AIM OF THE EXERCISE
Would you copy only the lines below, from the one containing "Rassol-Imagn Images Dec" through the very last one, leaving the pictures out?

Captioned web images
====

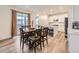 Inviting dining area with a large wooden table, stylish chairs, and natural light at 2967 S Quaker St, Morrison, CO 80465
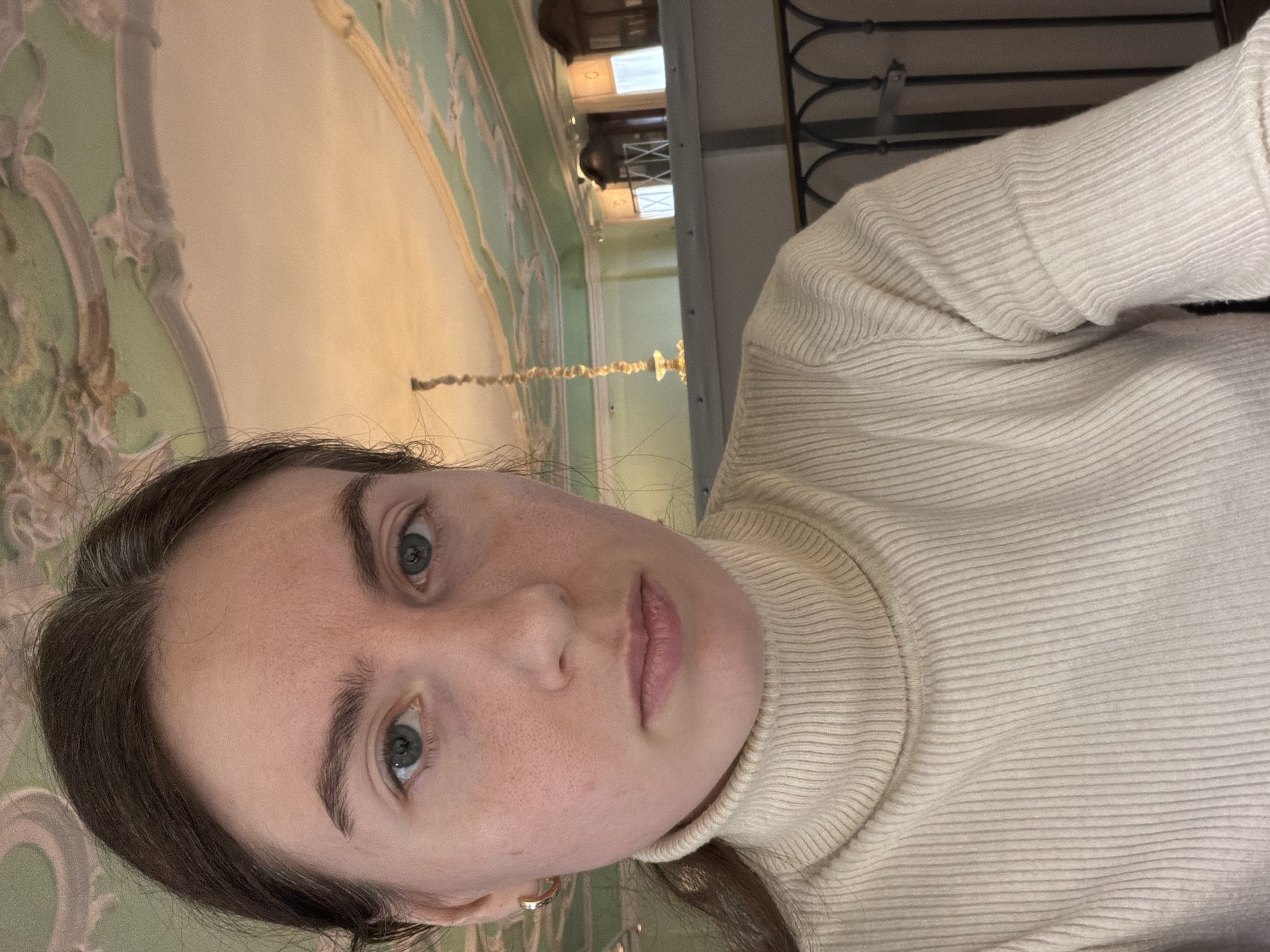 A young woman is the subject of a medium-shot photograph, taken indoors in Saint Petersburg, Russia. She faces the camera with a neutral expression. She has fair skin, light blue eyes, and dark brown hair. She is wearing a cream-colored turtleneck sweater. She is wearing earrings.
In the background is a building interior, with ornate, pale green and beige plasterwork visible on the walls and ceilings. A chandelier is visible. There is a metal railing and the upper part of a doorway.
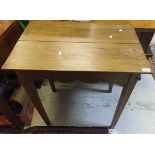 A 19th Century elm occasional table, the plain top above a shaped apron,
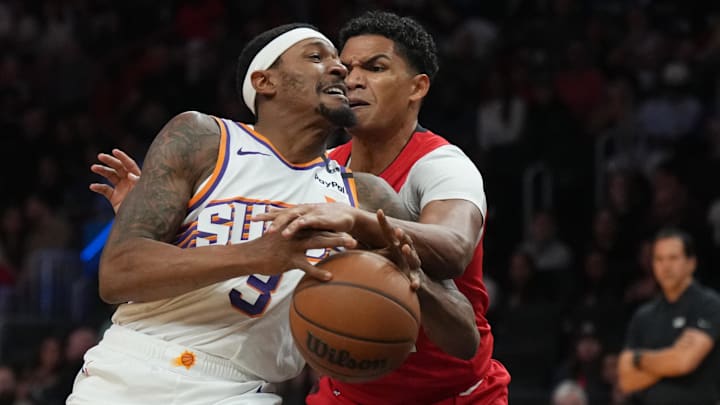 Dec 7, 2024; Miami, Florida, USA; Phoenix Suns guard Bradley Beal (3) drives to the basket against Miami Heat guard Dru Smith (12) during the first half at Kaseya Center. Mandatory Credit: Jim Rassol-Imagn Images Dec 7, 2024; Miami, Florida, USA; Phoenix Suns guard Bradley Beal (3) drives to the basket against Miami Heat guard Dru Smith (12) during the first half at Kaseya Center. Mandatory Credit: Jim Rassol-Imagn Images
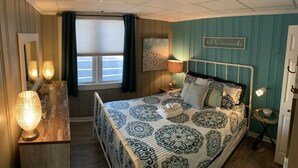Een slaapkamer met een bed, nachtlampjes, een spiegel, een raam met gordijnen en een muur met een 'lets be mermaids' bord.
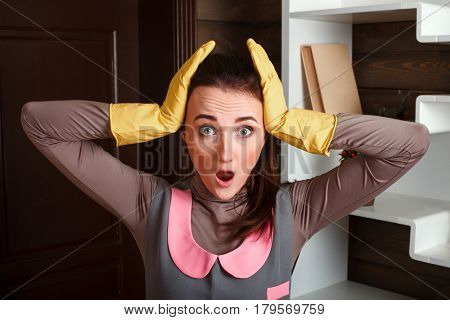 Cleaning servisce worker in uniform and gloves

====

RESPONSE
 Dec 7, 2024; Miami, Florida, USA; Phoenix Suns guard Bradley Beal (3) drives to the basket against Miami Heat guard Dru Smith (12) during the first half at Kaseya Center. Mandatory Credit: Jim Rassol-Imagn Images Dec 7, 2024; Miami, Florida, USA; Phoenix Suns guard Bradley Beal (3) drives to the basket against Miami Heat guard Dru Smith (12) during the first half at Kaseya Center. Mandatory Credit: Jim Rassol-Imagn Images
Een slaapkamer met een bed, nachtlampjes, een spiegel, een raam met gordijnen en een muur met een 'lets be mermaids' bord.
 Cleaning servisce worker in uniform and gloves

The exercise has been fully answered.